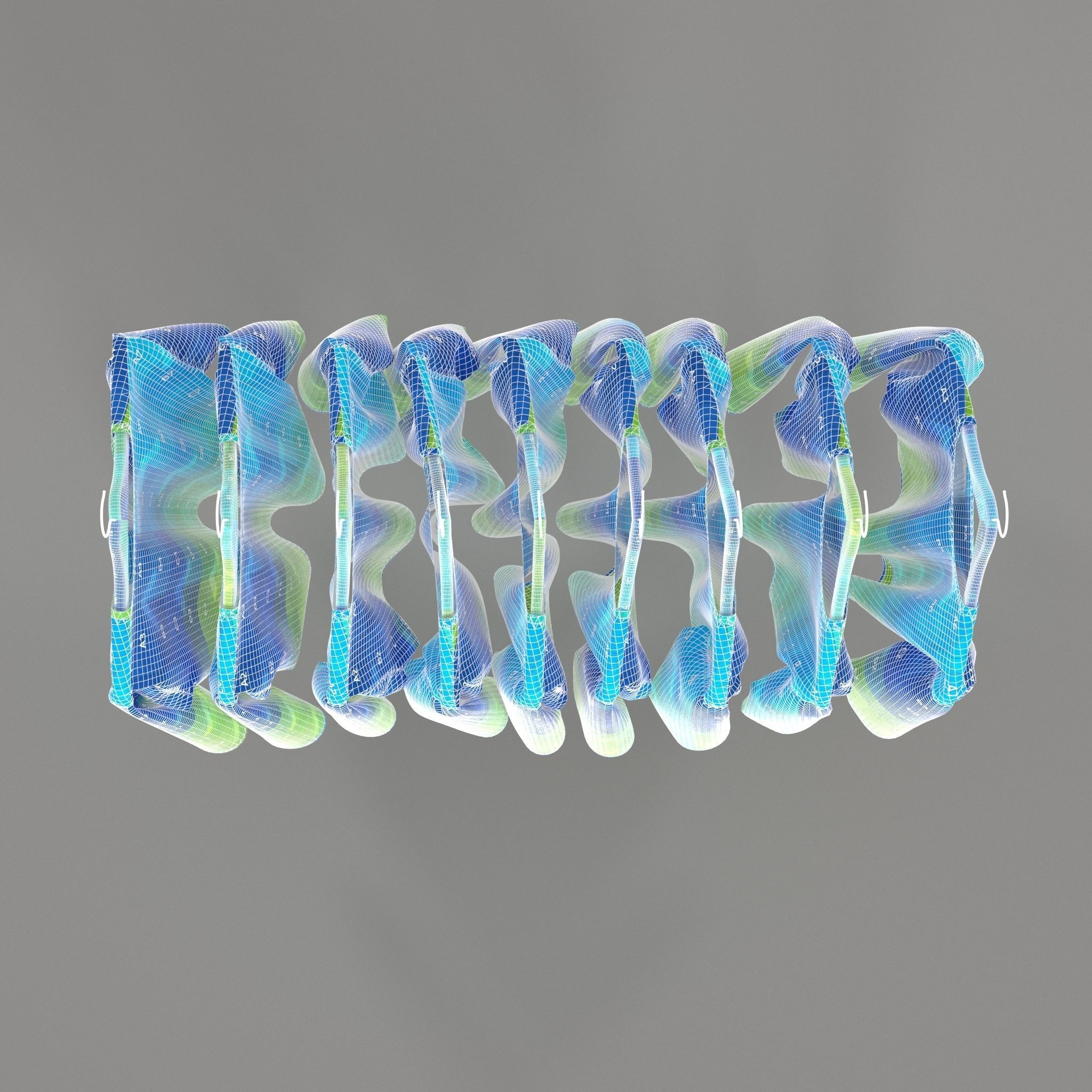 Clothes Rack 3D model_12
____
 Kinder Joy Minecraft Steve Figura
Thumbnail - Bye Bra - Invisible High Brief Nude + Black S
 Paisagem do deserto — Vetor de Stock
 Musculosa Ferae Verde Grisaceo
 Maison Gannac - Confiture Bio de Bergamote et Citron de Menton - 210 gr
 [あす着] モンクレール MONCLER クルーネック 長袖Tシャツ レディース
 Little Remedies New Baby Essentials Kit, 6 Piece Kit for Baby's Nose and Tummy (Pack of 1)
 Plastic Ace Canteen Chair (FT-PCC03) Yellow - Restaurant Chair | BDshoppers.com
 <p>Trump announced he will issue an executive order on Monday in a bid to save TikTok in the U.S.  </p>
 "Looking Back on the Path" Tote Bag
____
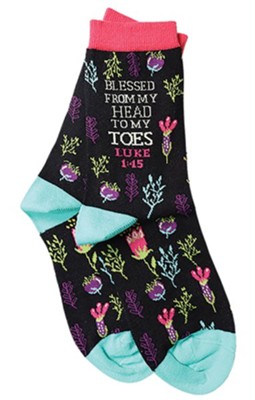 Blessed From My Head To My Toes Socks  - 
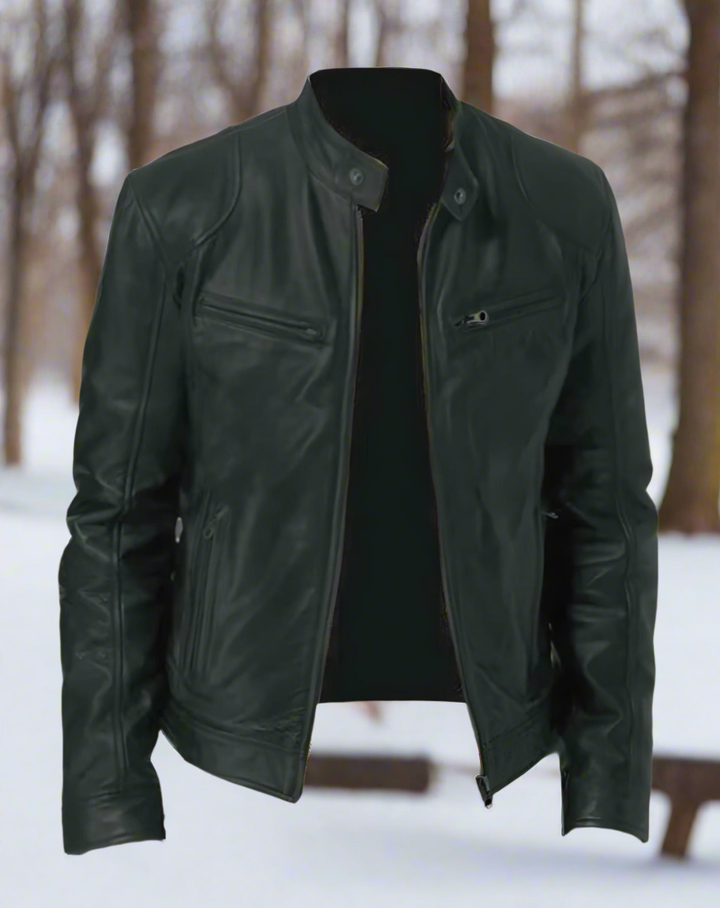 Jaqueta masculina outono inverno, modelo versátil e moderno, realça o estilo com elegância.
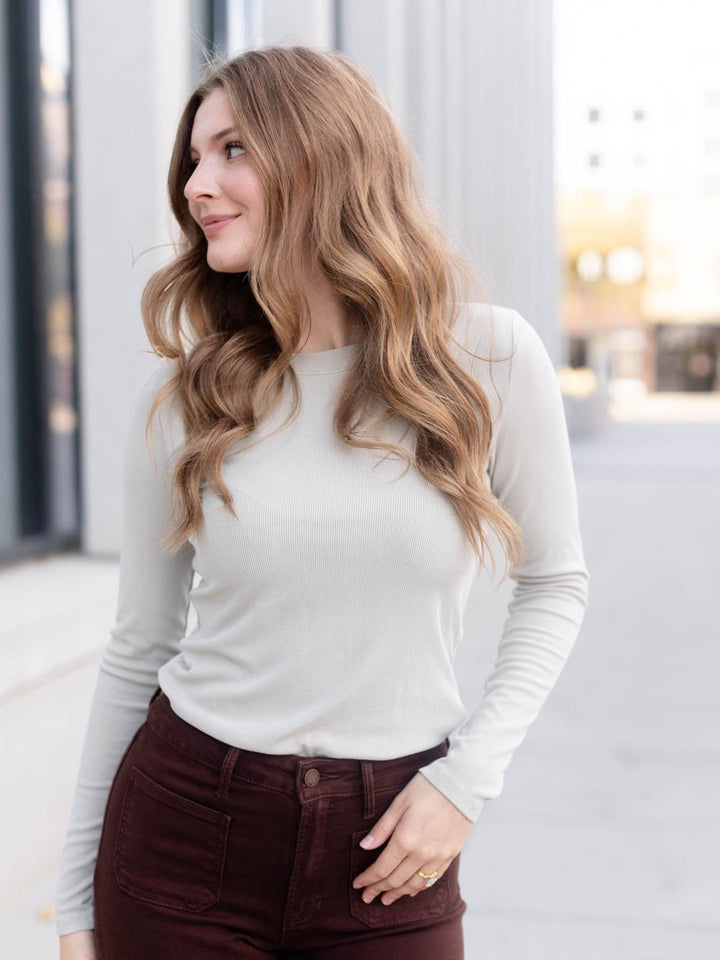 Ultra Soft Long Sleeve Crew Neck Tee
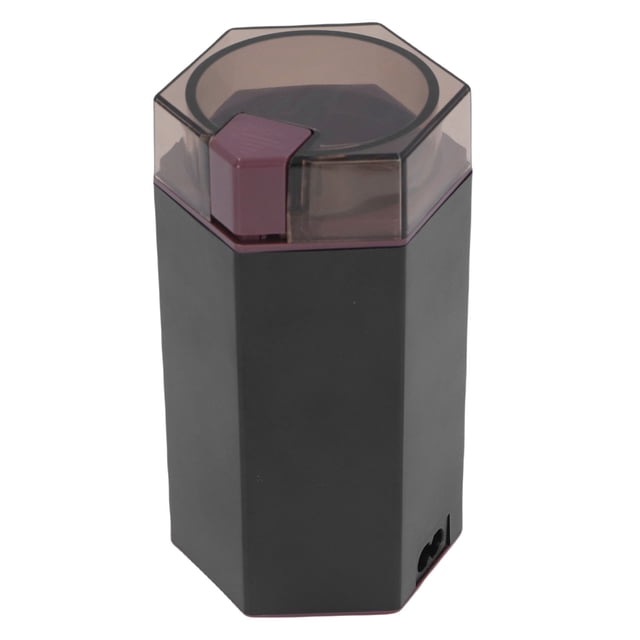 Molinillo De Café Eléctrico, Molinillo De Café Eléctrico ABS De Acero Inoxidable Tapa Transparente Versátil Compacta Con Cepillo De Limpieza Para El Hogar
____
_ASSIGNED TASK:_ In the listing above, find the line containing "Paisagem do deserto — Vetor de Stock" and the line containing "Back on the", then quote both, plus every line between them, exactly as written.

_EXERCISE ANSWER:_
 Paisagem do deserto — Vetor de Stock
 Musculosa Ferae Verde Grisaceo
 Maison Gannac - Confiture Bio de Bergamote et Citron de Menton - 210 gr
 [あす着] モンクレール MONCLER クルーネック 長袖Tシャツ レディース
 Little Remedies New Baby Essentials Kit, 6 Piece Kit for Baby's Nose and Tummy (Pack of 1)
 Plastic Ace Canteen Chair (FT-PCC03) Yellow - Restaurant Chair | BDshoppers.com
 <p>Trump announced he will issue an executive order on Monday in a bid to save TikTok in the U.S.  </p>
 "Looking Back on the Path" Tote Bag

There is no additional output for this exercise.